A narrativa, em uma linguagem mais “oralizada” característica de Mário de Andrade, está em primeira pessoa, onde o narrador é Juca adulto relembrando-se do Juca adolescente. Logo no primeiro parágrafo percebemos que se trata de uma reminiscência pelo tempo passado – “foi no ginásio”, “éramos de idade parecida” – e pelo uso de reticências, que sugere incompletude e hesitação – ou seja, o narrador está falando de algo que não acabou, que ainda não foi resolvido.
Há uma fusão dos dois Jucas – o adulto e o adolescente – pois, apesar dele situar o momento em que conheceu Frederico (com catorze anos), o modo como se lembra dos acontecimentos não permite que o leitor faça uma distinção entre os dois. Como diz Anatol Rosenfeld em seu texto sobre o modernismo, “a irrupção, no momento atual, do passado remoto e das imagens obsessivas do futuro (...) tem de processar-se no próprio contexto narrativo em cuja estrutura os níveis temporais passam a fundir-se sem demarcação nítida entre passado, presente e futuro”. Tudo se embaralha, imagens sobre imagens, sem uma linha cronológica estabelecida.
Durante a narrativa, Juca faz saltos entre suas memórias, como se contasse tudo o que viesse à sua cabeça sem filtrar nada. Um exemplo dessa submersão na “corrente psíquica” está logo no início do conto, onde ele interrompe a comparação que fazia entre Frederico e si mesmo para contar sobre um evento com seu pai, personagem fria e distanciada.
As qualidades de Frederico são muito bem marcadas na apresentação do personagem, definindo como um rapaz bonito e enérgico, de uma “solaridade escandalosa”. É importante destacar a escolha de palavras para descrevê-lo: escandaloso, olhos grandes bem pretos, boca larga, músculos do peito, mãos enormes, saúde, rigidez, segundas intenções.
Mário de Andrade dá muito valor e atenção à linguagem e à significação das palavras. Para tratar de um texto polêmico e provocador como relações homoafetivas, ele emprega muitas metáforas ao longo do conto. “A metáfora escamoteia um objeto mascarando-o com outro, e não teria sentido se não a víssemos sob ela um instinto que induz o homem a evitar realidades”, como definido em A desumanização da arte, de Ortega y Gasset.
No trecho em que Juca descreve Frederico, as palavras que ele escolhe sugerem que ele sentiu uma atração no momento em que o conheceu. Mário de Andrade também emprega muitas projeções em seus contos: quando Frederico é descrito como “uma ausência rija de segundas intenções”, poderia ser o próprio Juca que estivesse rígido e com segundas intenções quando se aproximou dele “imaginando que era apenas por simpatia”.

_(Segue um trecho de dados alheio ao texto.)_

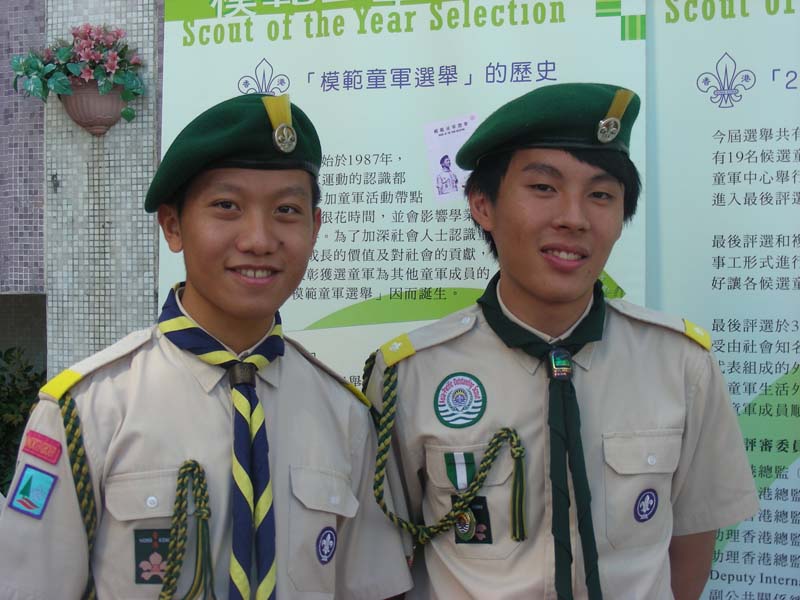 DSCN9418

A aproximação dos dois rapazes também traz algumas conotações eróticas. Juca afirma que ao conhecer Frederico, era impossível não querer bem ele e quis ser dele. Essas duas expressões, que fecham o segundo e o terceiro parágrafo, apresentariam as preposições em posições inversas caso Juca apresentasse apenas uma admiração pelo amigo, mas a disposição em que estão mostram que desde o primeiro momento ele sentiu algo confuso e sem nome. O narrador adulto tenta justificar essa necessidade de estar perto de Frederico com a busca pelo nobre e pelo bem, tentando imitá-lo para chegar à perfeição.
Aqui podemos fazer um paralelo com “Tempos da camisolinha”, outro conto de Mário de Andrade onde Juca é protagonista. Nessa narrativa, ele era uma criança e teve seus cabelos, que representavam sua pureza e sua perfeição, cortados. O corte significou um rompimento com essa beleza e a partir desse momento, Juca nunca mais recuperou essa inocência.

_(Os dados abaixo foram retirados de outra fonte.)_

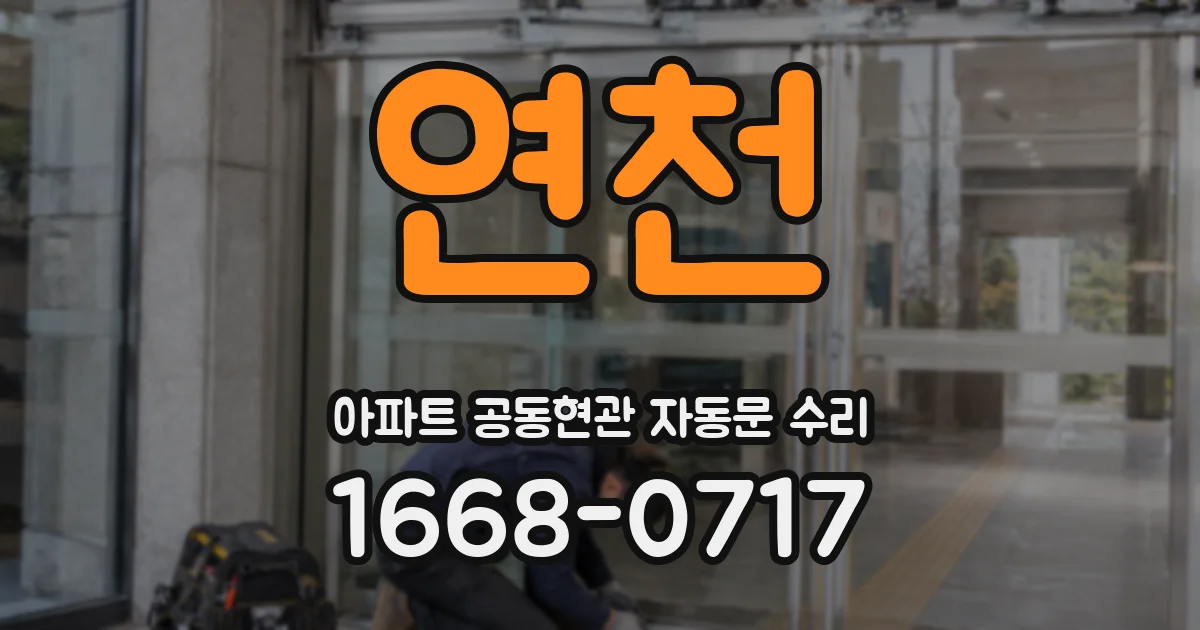연천 아파트 공동현관 자동문 수리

Talvez fosse na imagem bonita de Frederico que Juca encontrou esse elo perdido e tentou recuperá-lo, imitando-o. Como ele próprio se descreve, era um caso perdido, estourado, fraco, feio, cheio de vícios, preguiçoso (uma construção do escritor modernista: “deixa de apresentar o retrato de indivíduos íntegros”). Também podemos justificar essa aproximação com a definição de amor por Platão em O Banquete, onde o inferior (Juca, feio e defeituoso) sente-se atraído pelo superior (Frederico, bonito e perfeito).
A amizade entre os dois rapazes toma novas proporções quando, movido pelos ciúmes da amizade que Frederico dedicava a todos, Juca se declara a ele. Voltavam a pé, passando pelo largo da Sé, quando ele assume que Frederico é seu “único” amigo. Logo percebemos algo singular no “único” entre aspas, como se ele fosse irônico ou tivesse um significado oculto, mas podemos supor que a intenção não era destacar ou contradizer a palavra “único” e sim a seguinte, “amigo”, como se ele fosse um tipo único e diferenciado de amizade. Segue-se um momento de tensão, em que Frederico toma uma pequena distância à frente e Juca sente-se orgulhoso de sua sinceridade.

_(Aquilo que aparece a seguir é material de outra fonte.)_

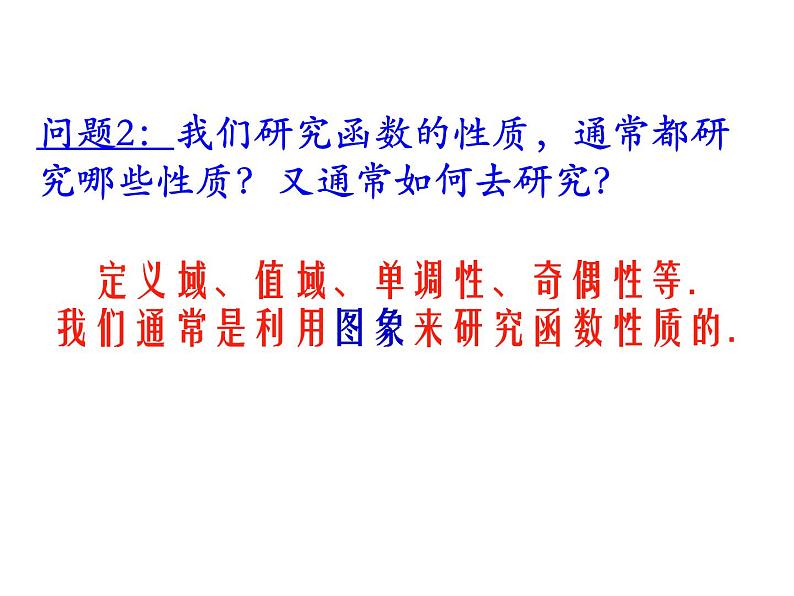 高中数学 人教版 必修一幂函数部优课件04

Quando chegam à esquina em que se separavam, Juca faz uma nova análise de Frederico. “Maravilhoso”, “sujo”, “suado”, “corado”, “derramando vida” são as novas palavras escolhidas. Novamente há uma exaltação do amigo e uma intenção implícita, especialmente atrás de “derramando vida”. Podemos supor que Juca idealizasse sua declaração como uma consumação de seu relacionamento com Frederico e que eles alcançassem seu ápice.
Após esse ato, eles se separaram sem uma confirmação de Frederico e Juca sente-se humilhado por não ser correspondido, mas segue-se uma surpresa ao perceber que Frederico o acompanha até em casa.
O caminho até em casa também sugere outras intenções: ao calcular a andar das pessoas da rua e fantasiar sobre estudar e projetos, Juca parece estar bem além da rua, ele estaria pensando em seu futuro ao lado de Frederico pelo modo como calcula seu caminho desviando dos obstáculos. Aparentemente ele é correspondido, pois a partir desse dia os rapazes tornam-se inseparáveis e suas vidas se fundem.
Por outro lado, ao contrário de Frederico que se abria inteiramente para ele e contava “tudo o que ele era, (a Juca) que não sabia fazer o mesmo”, esse sentimento não era tão bem vindo para Juca, que evitava até mesmo definir o que era. As declarações e confissões de Frederico obrigavam Juca à “elevação constante de pensamento”, ou seja, confessar a si mesmo qual era a verdadeira natureza de seus sentimentos, a que ele denominou “infância” (o que novamente nos remete ao momento em que ele perde o elo com a perfeição, inocência e pureza). Seu medo de encarar a verdade quase o faz odiar seu amigo, mas ele não pode evitar seu desejo de estar com ele – quando Frederico conta que seus pais casaram-se há apenas dois anos, Juca sente uma esperança e alegria ao perceber que o casamento era inútil e dispensável.